Please copy out the full listing that follows exactly; no picture belongs in the copy.

Segment Start: Exercise input

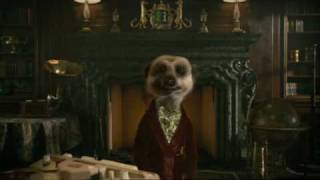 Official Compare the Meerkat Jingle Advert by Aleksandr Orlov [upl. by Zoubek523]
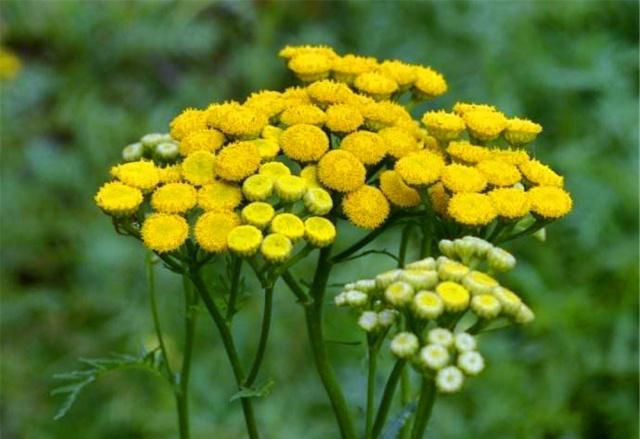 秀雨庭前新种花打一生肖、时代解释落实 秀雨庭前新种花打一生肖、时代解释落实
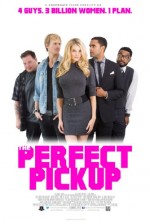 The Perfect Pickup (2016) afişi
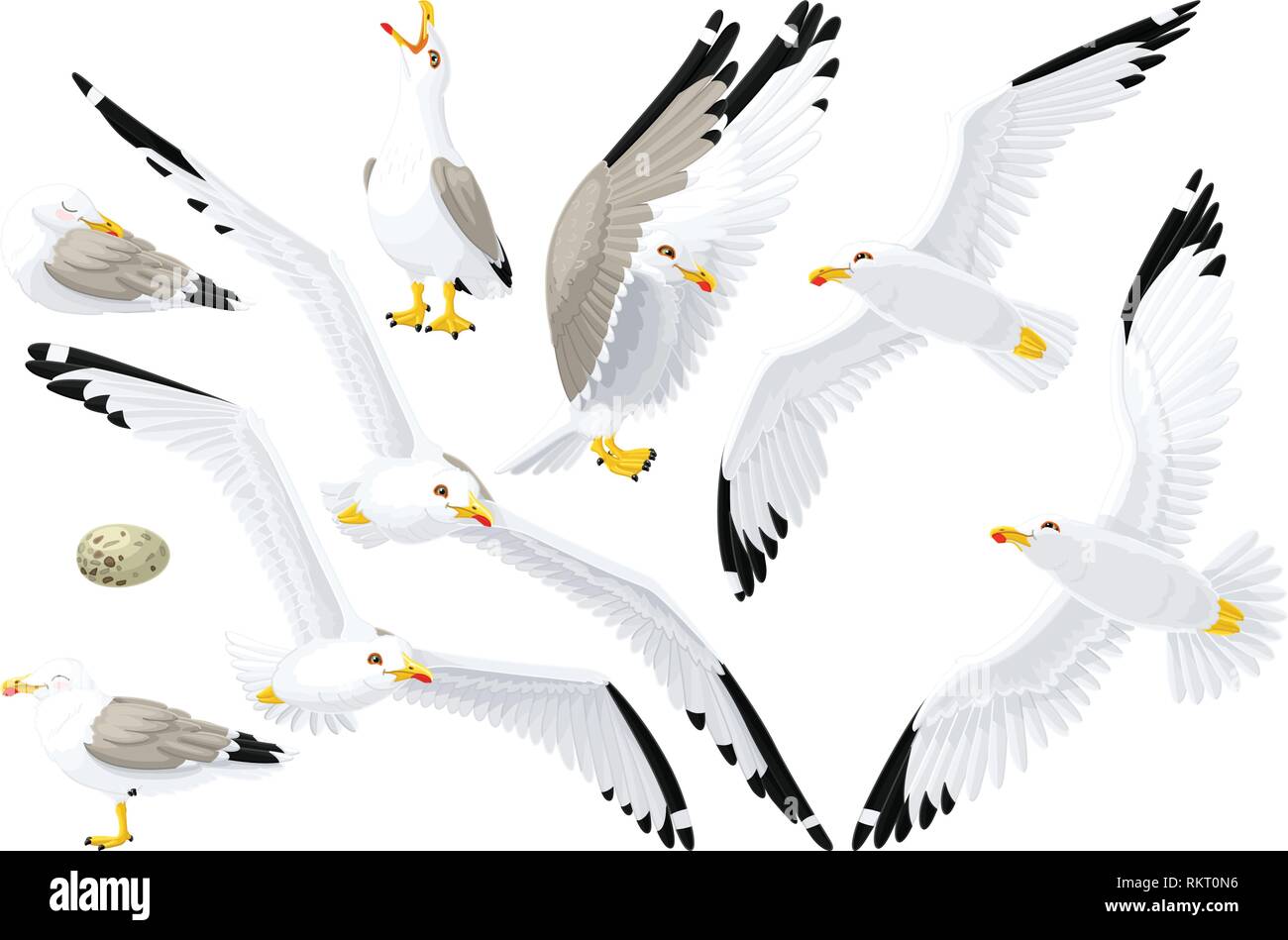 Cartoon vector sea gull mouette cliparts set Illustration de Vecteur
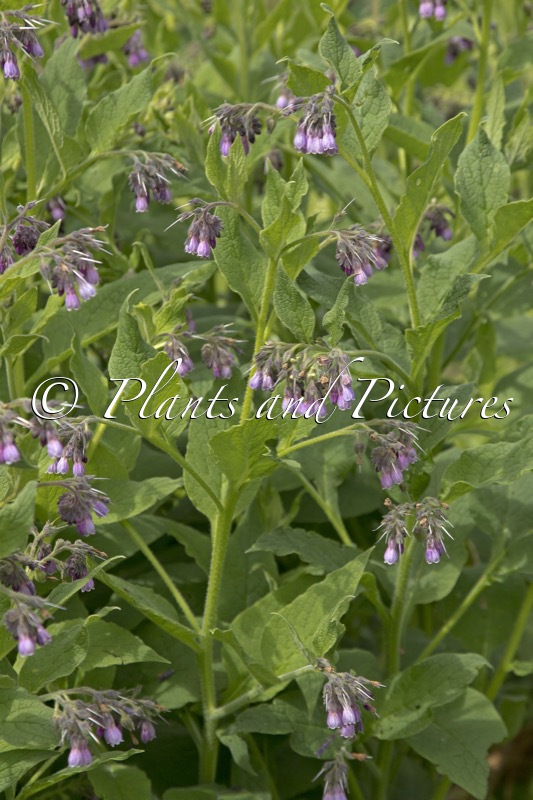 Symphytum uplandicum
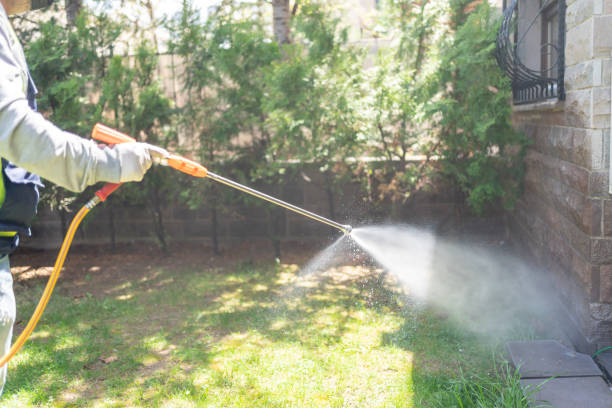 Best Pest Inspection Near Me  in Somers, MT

Segment End: Exercise input

_Exercise output_.
 Official Compare the Meerkat Jingle Advert by Aleksandr Orlov [upl. by Zoubek523]
 秀雨庭前新种花打一生肖、时代解释落实 秀雨庭前新种花打一生肖、时代解释落实
 The Perfect Pickup (2016) afişi
 Cartoon vector sea gull mouette cliparts set Illustration de Vecteur
 Symphytum uplandicum
 Best Pest Inspection Near Me  in Somers, MT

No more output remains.